Don’t forget to leave your comments below this episode! Thanks for being awesome listeners and LEPsters and all that. You’re the best. Look forward to more episodes coming soon…

Luke ;)


tenmoreexpressions

  • Carrie

    Thank you guys for this amazing episode! Your conversations really encourage me to pursue my dream in Theatre, even though I’m not a native English speaker. Good luck to you all with stand up comedy! I love comedy and hopefully someday I can go to your performances!

  • Zhenya

    hm… interesting…
    9 out of 10 expressions in this episode I knew before, while in the previous 10 expressions I knew only three and a half :).
    You should swap the names of the episodes, this one is easier and thus should be the first one. 8)

  • Irina, Moscow

    Hi, Luke!
    Great episode, brilliant as usual.
    First time I’m commenting though I’ve been listening to you almost from the start :)

    Just could not help commenting on some things from this episode.

    Firstly, this nice joke about an eye for an eye and there will be one-eyed man.
    This did ring the bell, the very joke from great crazy comedy Seven Psychopaths.
    Coincidence? :)

    Secondly, just wanted to say that when in English pigs would fly in Russian in would be ‘when cancers would whistle on the hill’

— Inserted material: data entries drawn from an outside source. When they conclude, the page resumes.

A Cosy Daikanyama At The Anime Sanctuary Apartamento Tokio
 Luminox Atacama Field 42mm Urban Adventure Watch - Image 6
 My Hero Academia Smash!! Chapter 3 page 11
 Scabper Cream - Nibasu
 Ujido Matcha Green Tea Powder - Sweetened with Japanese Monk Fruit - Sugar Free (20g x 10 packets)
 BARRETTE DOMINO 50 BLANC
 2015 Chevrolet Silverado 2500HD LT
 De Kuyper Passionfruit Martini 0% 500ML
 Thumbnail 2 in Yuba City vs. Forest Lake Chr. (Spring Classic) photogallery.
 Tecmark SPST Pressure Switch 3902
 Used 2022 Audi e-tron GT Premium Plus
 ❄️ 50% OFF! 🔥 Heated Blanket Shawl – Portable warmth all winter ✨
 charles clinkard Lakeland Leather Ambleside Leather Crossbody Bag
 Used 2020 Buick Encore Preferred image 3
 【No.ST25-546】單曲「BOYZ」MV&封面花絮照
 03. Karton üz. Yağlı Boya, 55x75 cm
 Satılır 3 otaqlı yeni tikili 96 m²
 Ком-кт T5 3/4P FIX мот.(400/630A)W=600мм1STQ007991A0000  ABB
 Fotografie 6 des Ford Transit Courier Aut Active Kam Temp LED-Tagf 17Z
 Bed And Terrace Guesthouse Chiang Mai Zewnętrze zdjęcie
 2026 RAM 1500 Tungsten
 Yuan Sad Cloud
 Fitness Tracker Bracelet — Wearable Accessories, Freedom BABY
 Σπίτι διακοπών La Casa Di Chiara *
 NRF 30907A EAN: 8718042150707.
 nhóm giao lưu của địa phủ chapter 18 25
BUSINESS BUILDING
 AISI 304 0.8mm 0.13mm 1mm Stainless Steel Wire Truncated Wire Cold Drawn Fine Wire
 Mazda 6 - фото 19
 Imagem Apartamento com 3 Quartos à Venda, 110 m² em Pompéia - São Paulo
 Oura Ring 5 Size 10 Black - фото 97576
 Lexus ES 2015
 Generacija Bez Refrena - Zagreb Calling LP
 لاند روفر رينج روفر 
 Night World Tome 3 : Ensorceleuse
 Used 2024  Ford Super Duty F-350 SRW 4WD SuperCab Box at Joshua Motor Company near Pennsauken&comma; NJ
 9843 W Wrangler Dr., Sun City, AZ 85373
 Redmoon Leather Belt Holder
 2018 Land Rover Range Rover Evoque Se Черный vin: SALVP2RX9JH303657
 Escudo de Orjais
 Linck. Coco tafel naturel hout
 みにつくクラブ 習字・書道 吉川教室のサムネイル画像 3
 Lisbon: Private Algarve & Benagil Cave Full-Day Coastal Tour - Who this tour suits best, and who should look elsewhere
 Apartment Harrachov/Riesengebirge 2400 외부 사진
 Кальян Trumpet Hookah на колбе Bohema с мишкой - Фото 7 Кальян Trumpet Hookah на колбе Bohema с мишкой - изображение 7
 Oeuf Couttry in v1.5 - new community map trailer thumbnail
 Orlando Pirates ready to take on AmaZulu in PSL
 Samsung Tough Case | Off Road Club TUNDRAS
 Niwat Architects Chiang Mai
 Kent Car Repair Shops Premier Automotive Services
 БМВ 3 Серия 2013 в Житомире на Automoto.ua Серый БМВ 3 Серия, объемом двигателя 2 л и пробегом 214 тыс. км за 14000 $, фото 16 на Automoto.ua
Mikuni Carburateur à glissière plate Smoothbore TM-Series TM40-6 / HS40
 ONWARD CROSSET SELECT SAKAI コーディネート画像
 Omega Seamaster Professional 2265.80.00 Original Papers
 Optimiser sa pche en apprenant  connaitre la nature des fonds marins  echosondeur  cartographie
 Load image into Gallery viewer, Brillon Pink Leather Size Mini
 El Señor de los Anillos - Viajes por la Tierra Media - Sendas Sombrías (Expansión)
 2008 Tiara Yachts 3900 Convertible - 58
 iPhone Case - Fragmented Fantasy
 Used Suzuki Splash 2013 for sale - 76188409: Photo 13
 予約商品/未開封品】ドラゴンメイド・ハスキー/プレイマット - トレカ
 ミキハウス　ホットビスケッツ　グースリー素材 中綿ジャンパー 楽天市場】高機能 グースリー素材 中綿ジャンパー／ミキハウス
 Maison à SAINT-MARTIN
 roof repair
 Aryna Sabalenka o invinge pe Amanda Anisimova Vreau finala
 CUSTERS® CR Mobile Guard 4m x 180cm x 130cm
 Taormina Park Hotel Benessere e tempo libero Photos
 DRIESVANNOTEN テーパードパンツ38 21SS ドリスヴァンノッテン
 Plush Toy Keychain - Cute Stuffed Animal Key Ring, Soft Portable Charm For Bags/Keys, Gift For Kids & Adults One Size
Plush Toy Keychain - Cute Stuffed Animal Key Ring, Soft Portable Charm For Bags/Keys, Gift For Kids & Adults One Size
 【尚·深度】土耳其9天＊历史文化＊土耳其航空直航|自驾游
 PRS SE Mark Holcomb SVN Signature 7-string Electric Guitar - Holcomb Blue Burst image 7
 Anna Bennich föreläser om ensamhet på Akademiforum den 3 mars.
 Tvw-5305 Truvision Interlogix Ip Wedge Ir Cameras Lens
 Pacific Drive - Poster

    And finally, I have a question. I will be in Paris during 12-19 of September. Is there any chance that you would take part in some stand up comedy evening during that time?

    Thank yo again for all your work!!!

    • Hi Irina,
      It’s always nice to read a message from a long-term listener first-time commenter!
      I’ve never seen Seven Psychopaths (despite being a big Christopher Walken fan) but I know the ‘eye for an eye’ joke isn’t mine. I’m not sure where it comes from originally. I have a feeling it’s not that film, as I think I must have heard it somewhere else.
      ‘When cancers would whistle on the hill…’ – this has to be one of the strangest idioms I’ve ever read!
      As for 12-19 September, I am pretty sure that I will be doing some stand up comedy during that period but I’m not exactly sure when at this moment. I’ve just got back from my honeymoon and I haven’t booked shows for September yet.
      I recommend that you check the ‘LIVE SHOWS’ section in the menu (above) for details of shows. The best one to see would be “Taylor & Thompson – Sorry, we’re English!” which should be on Thursday or Friday but I’m not sure yet. Check that page for more info soon, and send me another message if there’s no information there within one week.

      • Irina, Moscow

        Hello again, Luke!

        My sincere congrats on your wedding, and the whole wedding episode is so touching…. And the California series just great, I’m right in the middle!

        Sorry to bother you again with my last question about yor stand up comedy evenings during 12-19 of September. ‘LIVE SHOWS’ section is empty so far and I’m leaving for Paris tomorrow. I have to ask again at least just to know that there would not be any shows :)))

        Thank you!!!

      • Zhenya, Kyiv

        Hi, Luke,
        hi, Irina

        just wanted to correct one funny mistake of Irina: the thing is – in Russian language is the same word (homonym) for – a desease and – an animal.
        That’s why the translation of a Russian saying is really: “When CRAYFISH would whistle on the hill”, and – as you know well – crayfishes never whistle :))).

        translating sayings is a tricky thing, I myself sometimes make hilarious mistakes in it too.

      • Zhenya, Kyiv

        hm… I put words in forward slash and it disappeared…
        So, to make it short: Russian word RAK= CANCER = CRAYFISH, FRESHWATER LOBSTERS, CRAWFISH
        :)

  • Igor

    Hi Luke!
    Thanks for your blog!
    My team lead tends to use all this expressions like: “raining cats and dogs, get back on track, keep in the loop, don’t drop the ball etc.”(Neither of us are native speaker) Instead of sounding cool, he sounds just “Eh!” Hearing him is like eating oversalted food.
    I probably should recommend him listening to this one, maybe he’ll get less extreme with them.